Was I ultimately a liar?
That very concept when heaped upon the challenges I found myself in the midst of was more than enough to seal my mind. But, that’s the trick of depression – to seal oneself off in the profound silence of isolation. I am upon my five year anniversary of seeking my initial treatment. And I found an even greater sense of shame and failure in my setback.
But that’s just it; it was a setback.
Even with the mental and emotional fortitude I had gained, I still got knocked down. All of the strength and stamina in the world cannot render any of us invincible. We are all susceptible to our own mental health concerns, with or without the coupling of difficult circumstance. We are not superheroes.
We are human.
Plain and simple, we are human, just men and women. Thought we are tempted to draw comparisons between oneself and another, there is truly no sense in it. We are apples, to oranges, to mangos, to pineapples – essentially all fruit, but otherwise dissimilar. We all grow from different trees in our own unique way with the resources that are provided to us.
That’s the point. We are all growing, perpetually and without fail. When we feel stuck and stymied in the singular moments that we inhabit, it can become difficult to grasp that our growth is universal.
For example, for the sake of my family, I had to take a job that was less than ideal. As a matter of fact, I once told my husband, “I’d rather starve and live in a cardboard box than go back to working retail.” (Note: It is not wise to tempt the universe with such statements). However, there I was, once again spending a portion of my life behind a register. But, I was still determined to prioritize it much lower than things in my life that truly mattered. I was set on having it remain as a means of income.
Six months later, I continued to struggle with the adjustment. I stood amongst a mob of people, loathing the very thought of waking up to yet another day of it. I saw myself in the distant future with my disgruntled co-workers mirroring my very fate. Fear and dread invaded the spaces where hope and optimism once inhabited. And the very idea of spinning my wheels indefinitely in the rat race of the workforce sent me reeling.
It was that precise disillusionment that generalized to each and every aspect of my life.
If it was always going to be this way, then why try?
It felt as if I had been running those exact same circles for my entire life, as brief as it has been. And the idea that I would continue to run them, despite my best intentions, led to my surrender.

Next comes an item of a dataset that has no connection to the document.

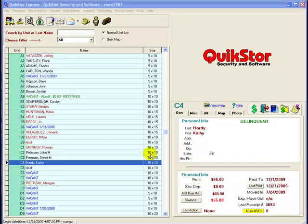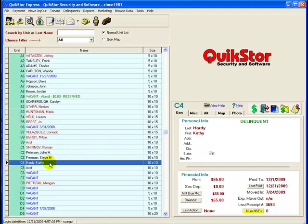Let's start by taking a basic payment in Express. First we'll select our tenant. Then we'll go ahead and select our payment icon.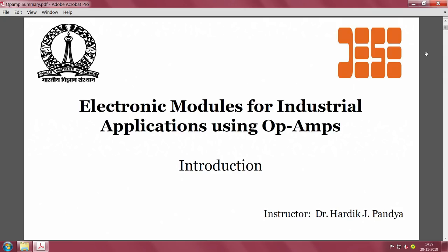Welcome to this lecture. The course is focused on developing electronic modules for industrial applications using operational amplifiers. This course is an extension to the earlier course that was on integrated circuits, op-amps, MOSFETs and their applications.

It was that resignation that abandoned all aspiration, hope, and passion I had ever contained.
I willingly gave up my life.
But, as I mentioned before, life goes on. We continue to grow, change, and progress, with or without permission or willingness. When that happens, we basically leave the driver’s seat empty to any entity eager to grab that wheel. In my case, it was depression.
Explaining depression and the resulting actions (or lack thereof) to a party who has been fortunate enough to have never experienced it firsthand is nearly impossible. I’ve often wondered why, but as I was attempting to drive the point home to my husband, I came to a profound realization. It sounds absolutely illogical. In truth, it is. It doesn’t make depression any less real, but it honestly seems nonsensical in a way. There is no why or how when it comes to the onset, thus, there is no why or how for the result. And as he sat there and contradicted many of the points I attempted to make, I came upon the realization I needed to shake this out of me.
This is my life.
Not his. Not my job’s. Not my boss’s. Not my son’s. Not anyone else’s.
And I’m going to take it back.
So when we get knocked down, it’s not enough to get back up again. We have the choice to just stand up and march on, or we can dust ourselves off and dance to the rhythm of our own song.